Com patroa presa, corpo de empregada segue desaparecido há 2 semanas

BATANEWS/REDAçãO


Foto: Reprodução/Metrópoles

Na última terça-feira (14/7), completam-se duas semanas desde que Berenice Ramos de Aguiar Faria, de 60 anos, desapareceu após pegar uma carona com a patroa, Eliane Alves dos Santos, em Ubatuba, no litoral norte de São Paulo. A Polícia Civil trabalha com a hipótese de que a cozinheira tenha sido assassinada. O corpo da mulher ainda não foi localizado.

Equipes fazem buscas na divisa entre Ubatuba e Paraty, no litoral do Rio de Janeiro, após receberem uma denúncia anônima de que os restos mortais de Berenice teriam sido ocultados naquela região.

Eliane é considerada a principal suspeita do crime. Ela foi presa temporariamente na última sexta (10/7). A empresária foi a última pessoa a ver a cozinheira com vida.

A versão sobre a carona é, inclusive, questionada pelo filho de Berenice Faria. “Ela fala que tava dando uma carona pra minha mãe pro centro. Só que ela para no meio do caminho, por qual motivo? Cheia de mala, ela iria parar cheio de mala?', declarou José Carlos de Faria Filho, filho da cozinheira, em entrevista ao Metrópoles.

Imagens de uma câmera de segurança flagraram um trecho do trajeto feito pela caminhonete de Eliane na tarde de 30 de junho, dia do desaparecimento de Berenice.

De acordo com informações apuradas pela reportagem, a cozinheira e a patroa teriam tido um desentendimento pouco antes. Os valores devidos pela empresária pela rescisão do contrato de trabalho da cozinheira seriam o motivo da discussão.

Berenice Faria trabalhou cerca de quatro meses no restaurante de Eliane sem registro na carteira de trabalho. A cozinheira esperava receber entre R$ 4 mil e R$ 5 mil após ter sido dispensada. A patroa, no entanto, teria oferecido apenas R$ 900. Berenice não aceitou.

O namorado de Eliane ainda teria aconselhado Berenice Faria a aceitar o valor e depois procurar os direitos na Justiça. Um advogado trabalhista, inclusive, teria tentado mediar uma negociação entre as duas, mas sem sucesso.

Entenda o caso

Berenice Ramos de Aguiar Faria, de 60 anos, desapareceu no dia 30 de junho, após aceitar uma carona da patroa, proprietária do restaurante onde trabalhava, em Ubatuba, no litoral norte de São Paulo.

Um dia antes do desaparecimento, a cozinheira informou à família que havia sido dispensada do trabalho. Segundo os parentes, ela pretendia retornar para Igaratá, cidade onde morava.

Inicialmente, o caso foi registrado como desaparecimento. No entanto, com o avanço das investigações, a Polícia Civil passou a tratar o episódio como homicídio. A Delegacia de Investigações Gerais (DIG) de São Sebastião concluiu que Berenice foi assassinada, embora o corpo da cozinheira ainda não tenha sido localizado.

A patroa da vítima foi presa temporariamente e é apontada pela Polícia Civil como a principal suspeita do crime. Conforme as investigações, uma das principais linhas apuradas é que o assassinato tenha sido motivado por questões relacionadas ao pagamento da rescisão trabalhista da funcionária.
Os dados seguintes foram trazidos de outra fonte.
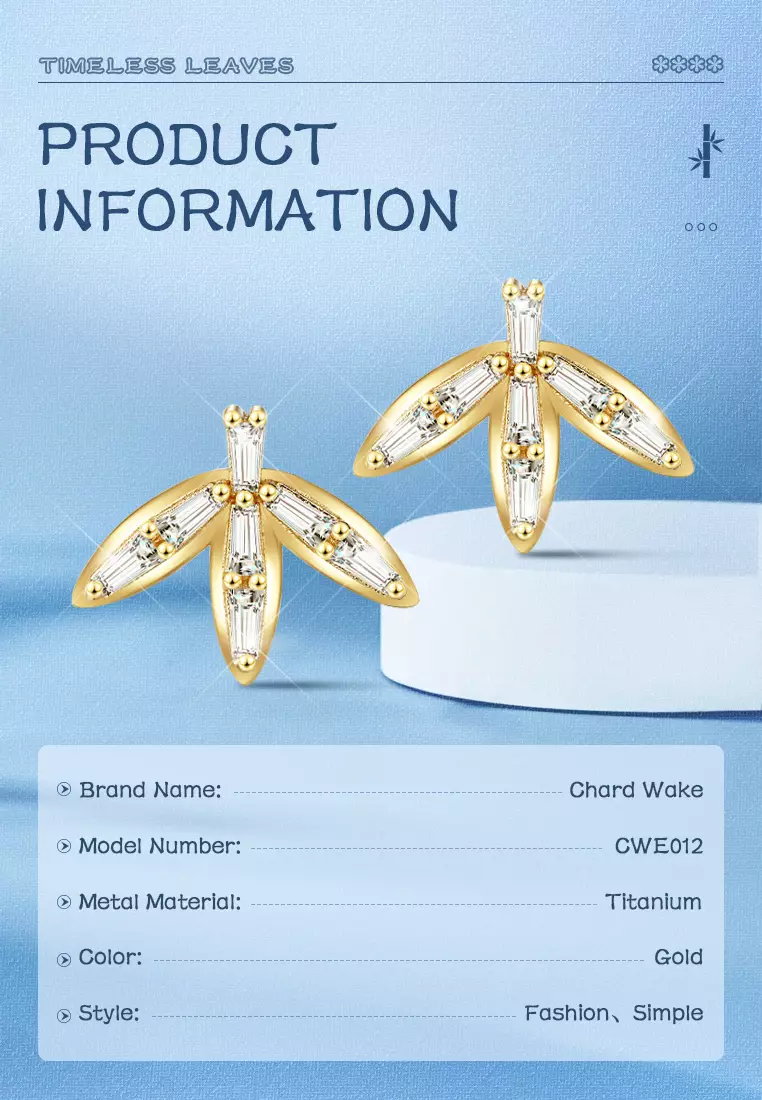 Anting Wanita Titanium Anting Giwang Cewek Korea Elegan Kotak Indah Hadiah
A investigação também revelou que a suspeita teria contado com a ajuda de dois homens para ocultar o corpo da cozinheira após o crime. Ambos foram presos temporariamente e respondem pelo envolvimento na ocultação de cadáver. A Polícia Civil segue com as diligências para localizar o corpo de Berenice e esclarecer todos os detalhes do caso.

Em depoimento, a empresária afirmou que teria pago R$ 2,6 mil em espécie para a funcionária. “Vai pagar em espécie? E se você tem uma empresa e você vai pagar seu funcionário, ele tá indo embora, você precisa pelo menos ter algum tipo de recibo, algo comprobatório que o acordo tá se encerrando e também não tem isso', contesta José Carlos, filho de Berenice.

Além do restaurante/pizzaria, Eliane Alves dos Santos também é dona de um mercado e uma casa de ração no bairro Ubatumirim, em Ubatuba. Mesmo com todos os empreendimentos, ela registrou na Junta Comercial de São Paulo (Jucesp) capital social de R$ 5 mil.

O Metrópoles não conseguiu localizar a defesa da empresária. O espaço permanece aberto.